= Recorded information =

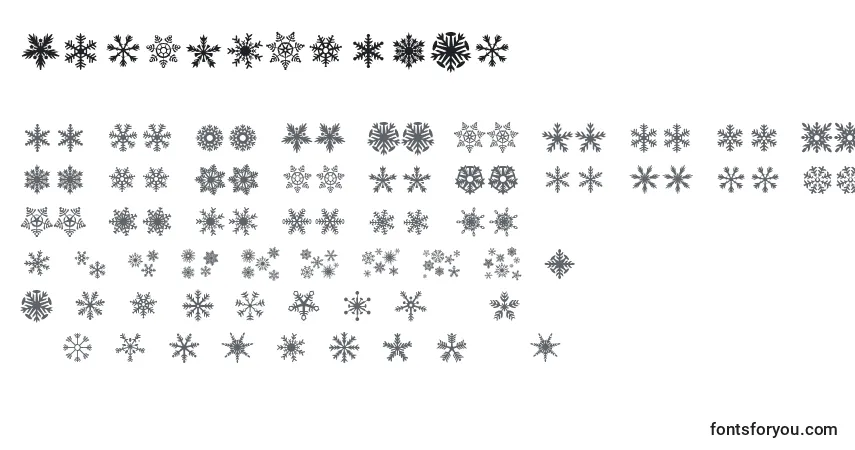 DhSnowflakes-fontti – aakkoset, numerot, erikoismerkit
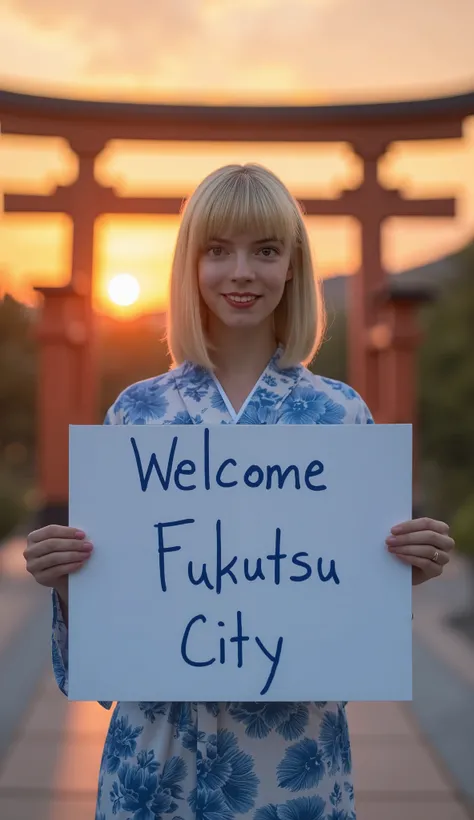 Front view, Name is Any Taylor-Joy , 1 woman, beautiful young American woman, 30-age, (blond hair, Short hair , fringe, beautiful dark blue eye, smile), (C cup breasts, wide hip), ( Japanese traditional Dark blue Kimono, kimonos below flower pattern ,...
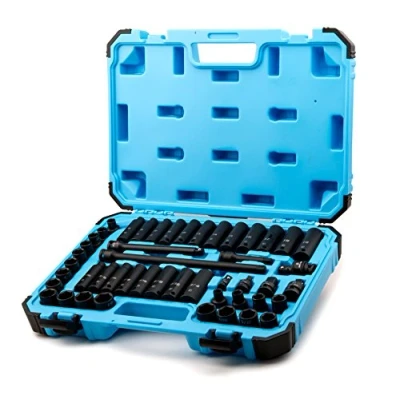 Image of Capri Tools 3/8 Inch Drive Master Impact Socket Set with Adapters and Extensions, Premium Chrome Molybdenum Steel, 48 Piece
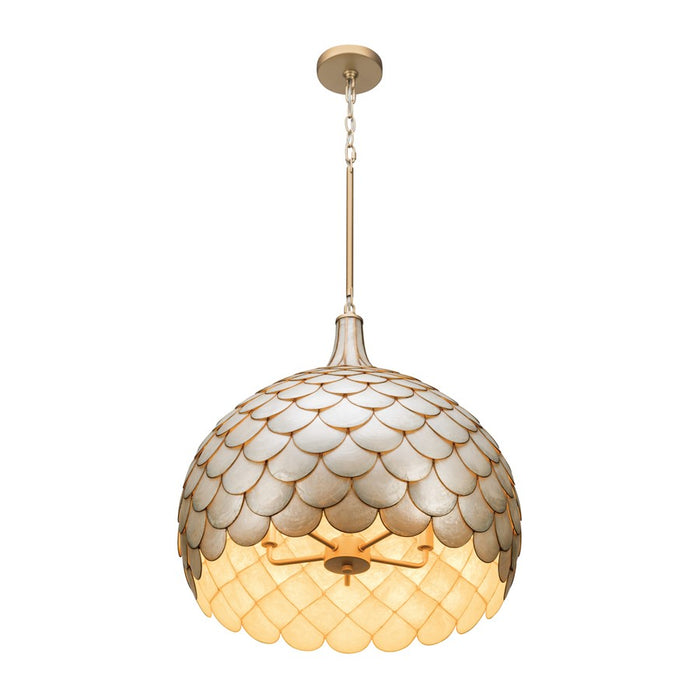 Crystorama Darby 5 Light 21" Pendant, Soft Gold/White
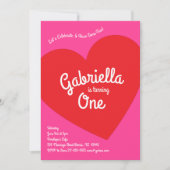 ハートキッズ1日目の誕生日パーティーピンクと赤 招待状 (正面)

= Work order =
Every line of the listing must be reproduced exactly, though the pictures are to be left out.

= Response to the task =
 DhSnowflakes-fontti – aakkoset, numerot, erikoismerkit
 Front view, Name is Any Taylor-Joy , 1 woman, beautiful young American woman, 30-age, (blond hair, Short hair , fringe, beautiful dark blue eye, smile), (C cup breasts, wide hip), ( Japanese traditional Dark blue Kimono, kimonos below flower pattern ,...
 Image of Capri Tools 3/8 Inch Drive Master Impact Socket Set with Adapters and Extensions, Premium Chrome Molybdenum Steel, 48 Piece
 Crystorama Darby 5 Light 21" Pendant, Soft Gold/White
 ハートキッズ1日目の誕生日パーティーピンクと赤 招待状 (正面)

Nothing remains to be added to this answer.